C. Registered and Used in Bad Faith
Complainant contends that Respondent’s registration and use of the disputed domain name is in bad faith.
Respondent denies having any relationship with the company Super Pages Vip. There is no evidence in the file that shows that the actions carried out by the company Super Pages Vip, referred to in the Complaint, may be attributed to or otherwise connected with Respondent or Respondent’s company Smart Business Super Pages Inc.5
In this Panel’s view, Respondent was probably aware of the existence of Complainant’s trademarks and activities at the time she obtained the registration of the disputed domain name as the content of the website associated with the disputed domain name offers the same services provided by Complainant, that is, Internet directory services.6 The evidence in the file indicates that Respondent’s choice of the disputed domain name was deliberate with the intention to obtain some kind of profit from the reputation and goodwill of Complainant’s trademarks, which is evidence of Respondent’s bad faith registration of the disputed domain name.
The content of the website associated with Respondent’s disputed domain name may potentially be contested as an undue and unfair competition practice, created with the intention to generate confusion by attempting to attract Internet users to such confusingly similar website, or simply to disrupt or compete with such website in any other manner. Furthermore, the fact that Respondent‘s company appears to have sent invoices to Complainant’s customers requesting some kind of payment for advertising services is further evidence of Respondent’s bad faith.
Thus this Panel finds that Respondent has registered and used the disputed domain name to intentionally attempt to attract, for commercial gain, Internet users to Respondent’s website by creating a likelihood of confusion with Complainant’s mark as to the source, sponsorship, affiliation or endorsement of Respondent’s website or location.
In light of the above, this Panel finds that Complainant has established the element set out in paragraph 4(a)(iii) of the Policy.
For the foregoing reasons, in accordance with paragraphs 4(i) of the Policy and 15 of the Rules, this Panel orders that the disputed domain name <smartbusinesssuperpages.com> be transferred to Complainant.
Dated: September 21, 2011
1 See Six Continents Hotels, Inc. v. Seweryn Nowak, WIPO Case No. D2003-0022; also, Delikomat Betriebsverpflegung Gesellschaft m.b.H. v. Alexander Lehner, WIPO Case No. D2001-1447: “However as admitting the submissions in the Respondent’s e-mail would not in fact prejudice the Complainant or affect the outcome of this case, the Panel has decided to consider the Respondent’s submissions”.

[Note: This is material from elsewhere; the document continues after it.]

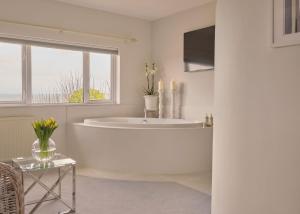 a white bathroom with a tub and a window at Boskerris Hotel in St Ives +42 photos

4 See Intocast AG v. Lee Daeyoon, WIPO Case No. D2000-1467: “For methodical reasons it is very hard for the Complainant to actually prove that Respondent does not have rights or legitimate interests in respect of the domain name, since there is no strict logical means of verifying that a fact is not given... Many legal systems therefore rely on the principle negativa non sunt probanda. If a rule contains a negative element it is generally understood to be sufficient that the complainant, by asserting that the negative element is not given, provides prima facie evidence for this negative fact. The burden of proof then shifts to the respondent to rebut the complainant’s assertion”.
5 However, this Panel notes that some of the facts in the present case are very similar to those in SuperMedia LLC v. Superpages Vip, WIPO Case No. D2011-1293, since in both cases: (i) the respondents’ domiciles are in Quebec, Canada, as per the corresponding registrars’ reports; (ii) the services provided are Internet directory services; (iii) the respondents’ companies’ domiciles are in Florida, USA, (iv) invoices were sent to customers by such companies located at Florida, and (v) the disputed domain names entirely incorporate Complainant’s SUPERPAGES trademark.